COUR D'APPEL DE DOUAI
Chambre des Libertés Individuelles
N° RG 24/01174 - N° Portalis DBVT-V-B7I-VTAC
N° de Minute :
Ordonnance du lundi 10 juin 2024
République Française
Au nom du Peuple Français
APPELANT
M. [Z] [V]
né le 20 Décembre 2004 à [Localité 3]
de nationalité Marocaine
Actuellement retenu au centre de rétention de [Localité 1]
dûment avisé, comparant en personne par visioconférence
assisté de Me Anne CHAMPAGNE, avocat au barreau de DOUAI, avocat (e) commis (e) d'office et de Mme [T] [C] interprèteen langue arabe, tout au long de la procédure devant la cour
INTIMÉ
M. LE PREFET DU NORD
dûment avisé, absent non représenté
PARTIE JOINTE
M. le procureur général près la cour d'appel de Douai : non comparant
MAGISTRATE DELEGUEE : Danielle THEBAUD, conseillère à la cour d'appel de Douai désignéé par ordonnance pour remplacer le premier président empêché
assistée de Fadila HARIOUAT, Greffier
DÉBATS : à l'audience publique du lundi 10 juin 2024 à 13 h 30
Les parties comparantes ayant été avisées à l'issue des débats que l'ordonnance sera rendue par mise à disposition au greffe
ORDONNANCE : rendue à Douai par mise à disposition au greffe le lundi 10 juin 2024 à 15h30
Le premier président ou son délégué,
Vu les articles L.740-1 à L.744-17 et R.740-1 à R.744-47 du code de l'entrée et du séjour des étrangers et du droit d'asile (CESEDA) et spécialement les articles L 743-21, L 743-23, R 743-10, R 743-11, R 743-18 et R 743-19 ;
Vu l'aricle L 743-8 du CESEDA ;
Vu la demande de l'autorité administrative proposant que l'audience se déroule avec l'utilisation de moyens de télécommunication audiovisuelle ;
Vu l'accord du magistrat délégué ;
Vu l'ordonnance du Juge des libertés et de la détention de BOULOGNE SUR MER en date du 08 juin 2024 à 11 H 17 notifiée à 11 H 51 prolongeant la rétention administrative de M. [Z] [V] ;
Vu l'appel interjeté par M. [Z] [V] par déclaration reçue au greffe de la cour d'appel de ce siège le 10 juin 2024 à 9 H 55 sollicitant la main-levée du placement en rétention administrative ;
Vu le procès-verbal des opérations techniques de ce jour ;
Vu l'audition des parties, les moyens de la déclaration d'appel et les débats de l'audience ;
EXPOSÉ DU LITIGE
M. [Z] [V], né le 20 décembre 2004 à [Localité 3] (Maroc) ressortissant marocain a fait l'objet d'un placement en rétention administrative ordonné par M. le préfet du Nord le 6 juin 2024 notifié à 10h50 au titre d'une réadmission sollicitée dans le cadre du règlement UE n° 604/2013 du 26 juin 2013, décision de transfert Dublin à destination des Pays-Bas prononcée le 19 mars 2024 par le M. le préfet du Nord notifiée le 19 mars 2024 à 16h20.

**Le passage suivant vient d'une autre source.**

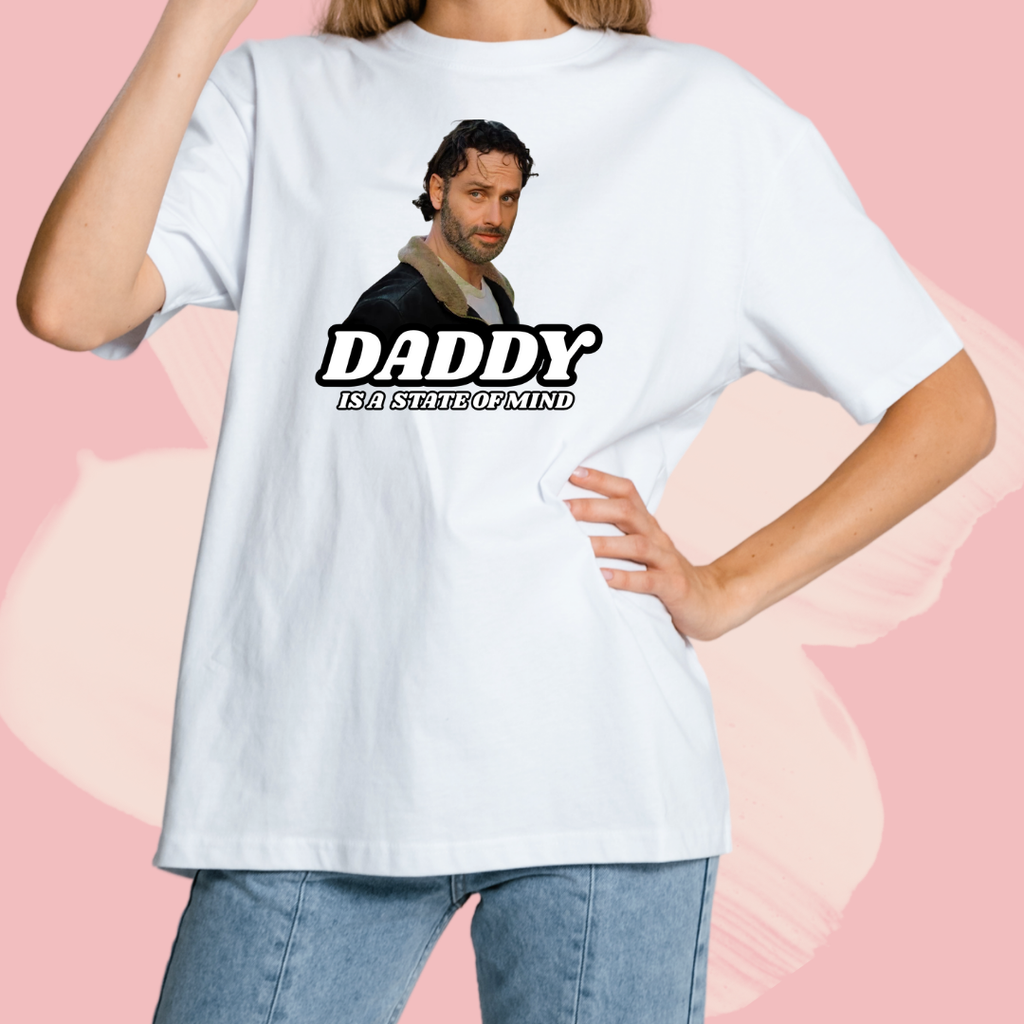 Biały T-shirt oversize bawełniany z nadrukiem rick grimes daddy the walking dead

Un recours en annulation de l'arrêté de placement en rétention administrative a été déposé au visa de l'article L 741-10 du code de l'entrée et du séjour des étrangers et du droit d'asile.

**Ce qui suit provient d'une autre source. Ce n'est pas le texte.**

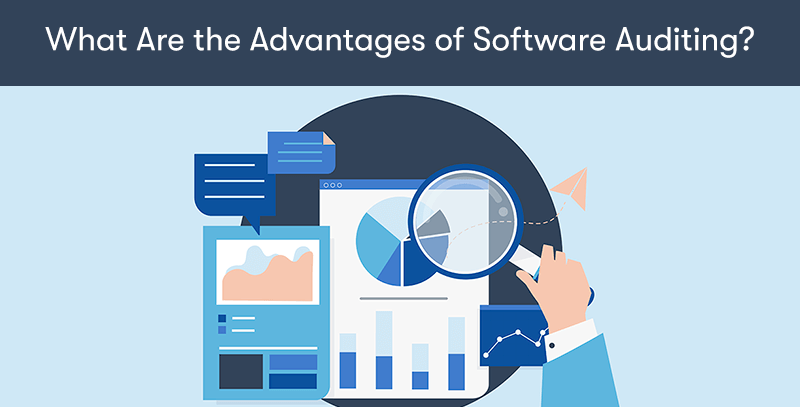 A picture of a hand holding a magnifying glass over data and analytics. With the words 'What Are the Advantages of Software Auditing?' at the top, on a light blue background.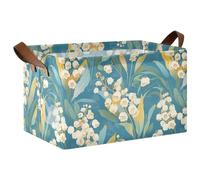 KLL Lily Of The Valley - Cestas de estante con fondo turquesa para el hogar, con asas, contenedores para juguetes, libros, toallas y ropa, paquete de 2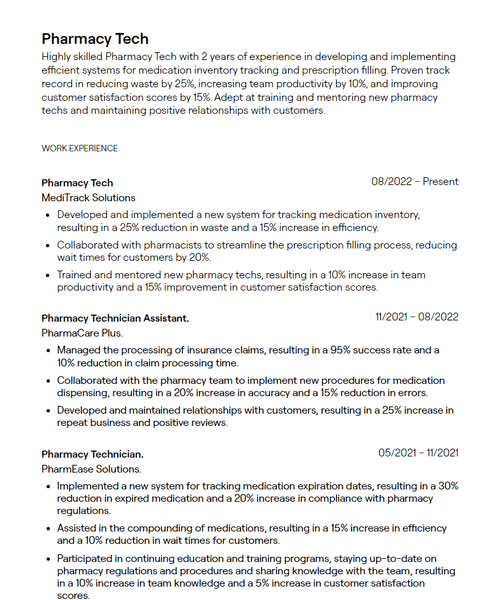 1 Pharmacy Tech Resume Examples - 64416557701a993da7187d5b Pharmacy%20Tech Resume Sample P 500 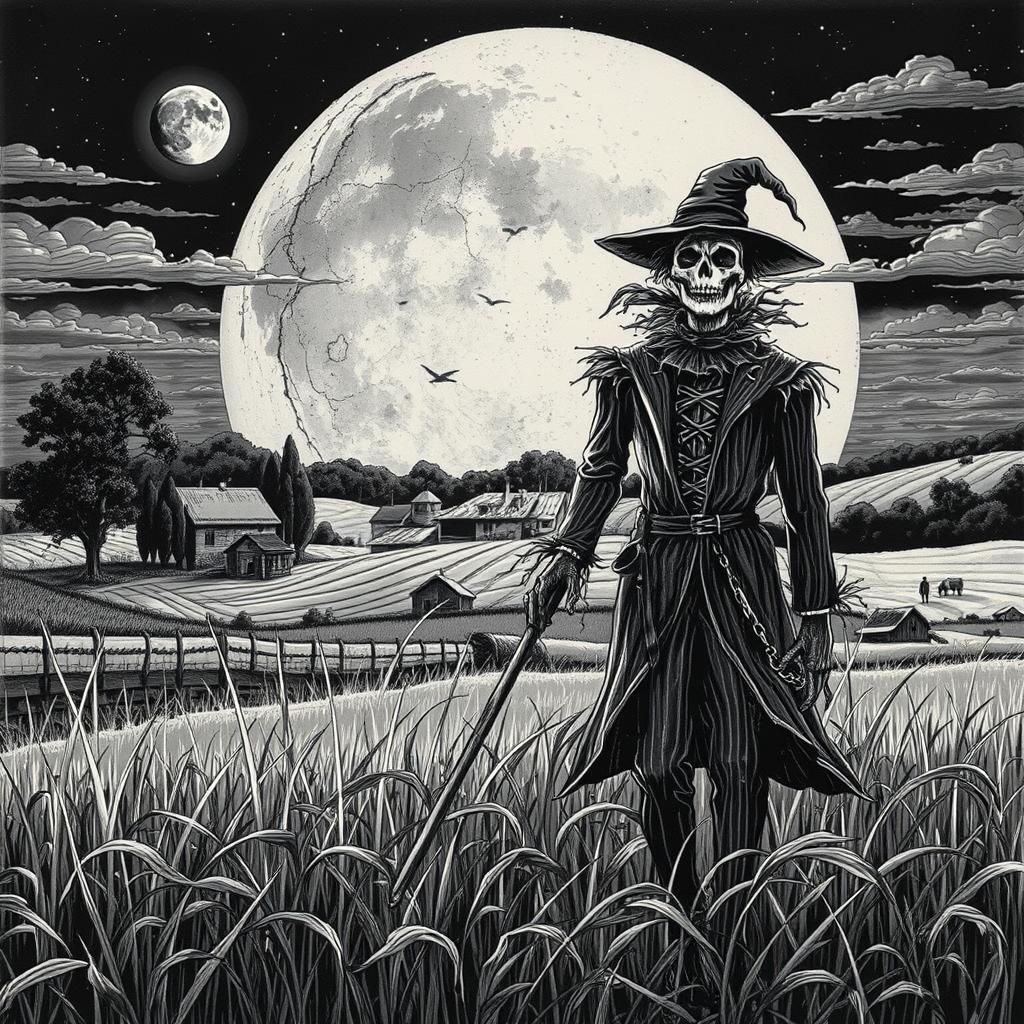 Gothic Scarecrow Ink Drawing Under Moonlight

Vu l'article 455 du code de procédure civile
Vu l'ordonnance du juge des libertés et de la détention du tribunal judiciaire de Boulogne-sur-Mer en date du 8 juin 2024 notifié à 11h51, rejetant la requête en annulation de l'arrêté de placement en rétention administrative et ordonnant la première prolongation du placement en rétention administrative de l'appelant pour une durée de 28 jours,
Vu la déclaration d'appel de M. [Z] [V] du 10 juin 2024 à 9h55 sollicitant la main-levée du placement en rétention administrative
Au titre des moyens soutenus en appel l'étranger soulève :
insuffisance de motivation de l'ordonnance dont appel,
défaut de base légale, l'administration ne précisant pas sur lequel des alinéas de l'article L.751-10 du code de l'entrée et du séjour des étrangers et du droit d'asile elle se fonde,
erreur d'appréciation des garanties de représentation.
MOTIFS DE LA DÉCISION
De manière liminaire il est rappelé que le juge judiciaire ne peut se prononcer ni sur le titre administratif d'éloignement de l'étranger, ni, directement ou indirectement, sur le choix du pays de destination.

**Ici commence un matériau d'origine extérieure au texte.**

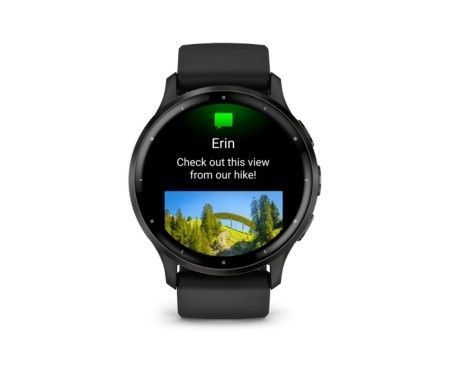 Garmin Venu 3 Slate Stainless Steel Bezel Black Case Black Leather Band 010-02784-52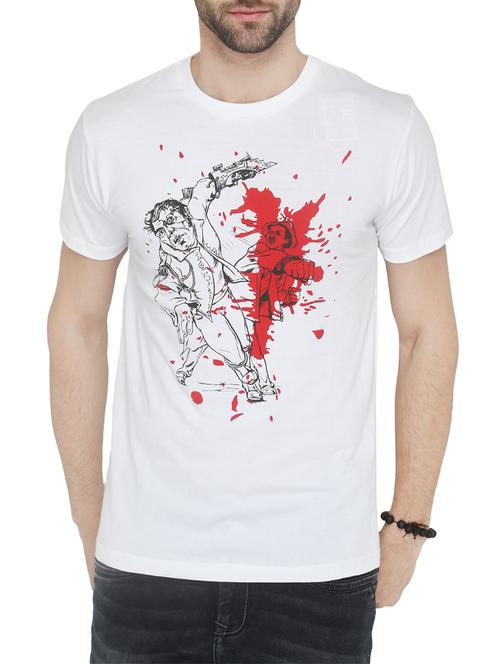 white cotton printed t-shirt - 13004198 - Very Small Image - 1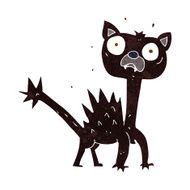 cartoon scared cat N10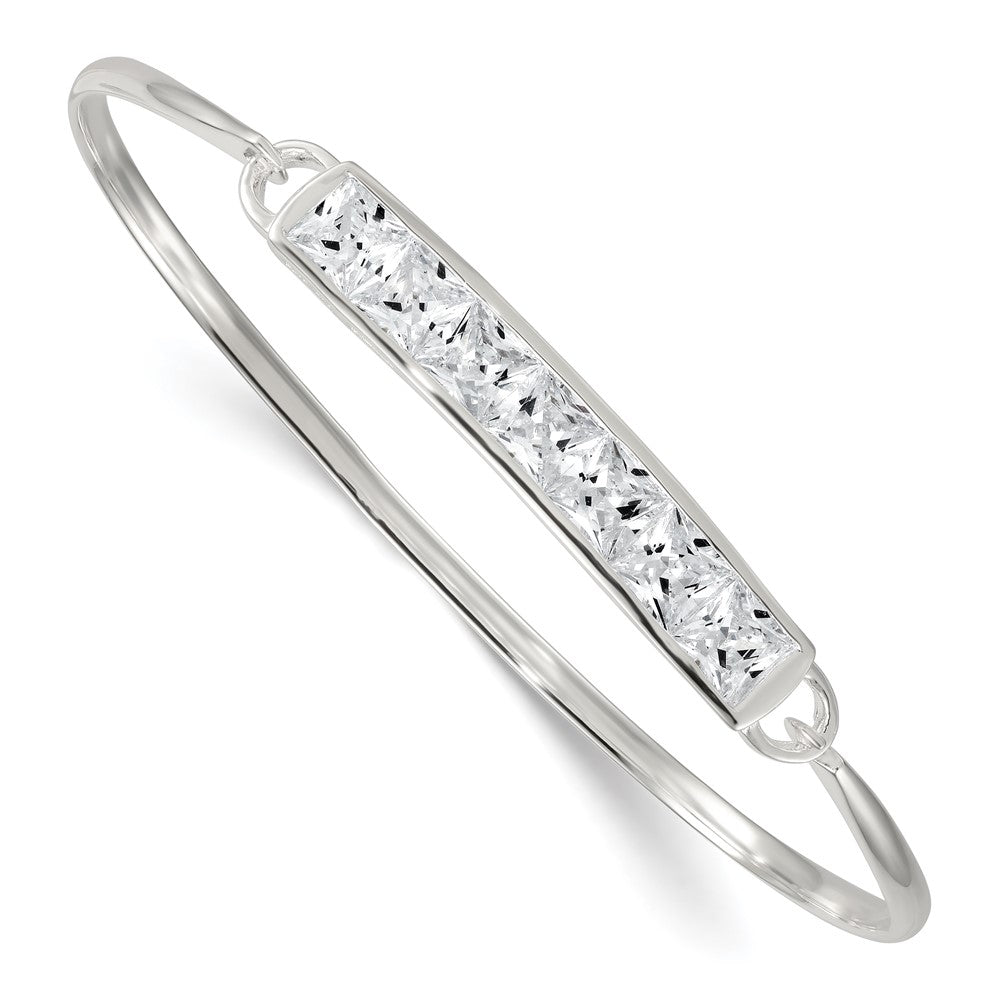Sterlingsilber Poliert Quadratisch Zirkonia Stab Armreif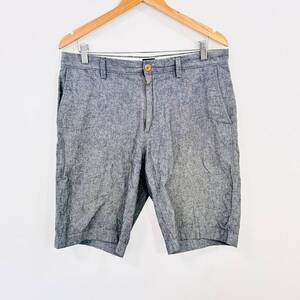 f1080ii　J.Crew(ジェイクルー）　サイズ33W（L位）　ハーフパンツ　ボタン留め　ジップ　ポケット　グレー　メンズ　コットン100％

Les prérogatives judiciaires se limitent à vérifier la régularité et le bien fondé de la décision restreignant la liberté de l'étranger en plaçant ce dernier en rétention, ainsi qu'à vérifier la nécessité de la prolongation de la rétention au vu des diligences faites par l'administration pour l'exécution de l'expulsion et le maintien de la rétention dans la plus courte durée possible.
L'appel de l'étranger ayant été introduit dans les formes et délais légaux est recevable.
Sur le moyen tiré de l'insuffisance de motivation de l'ordonnance dont appel
La procédure devant le juge des libertés et de la détention étant orale, l'abandon express à l'audience, par le requérant ou son conseil, de la requête en annulation de l'arrêté de placement en rétention administrative déposée par l'étranger, dispense le juge des libertés et de la détention de répondre aux moyens contenus dans cette requête.
En l'espèce, il ressort de la note d'audience et de la décision dont appel, que seul le moyen tiré de l'erreur d'appréciation des garanties de représentation a été soulevé devant le premier juge, moyen auquel le premier juge a parfaitement répondu.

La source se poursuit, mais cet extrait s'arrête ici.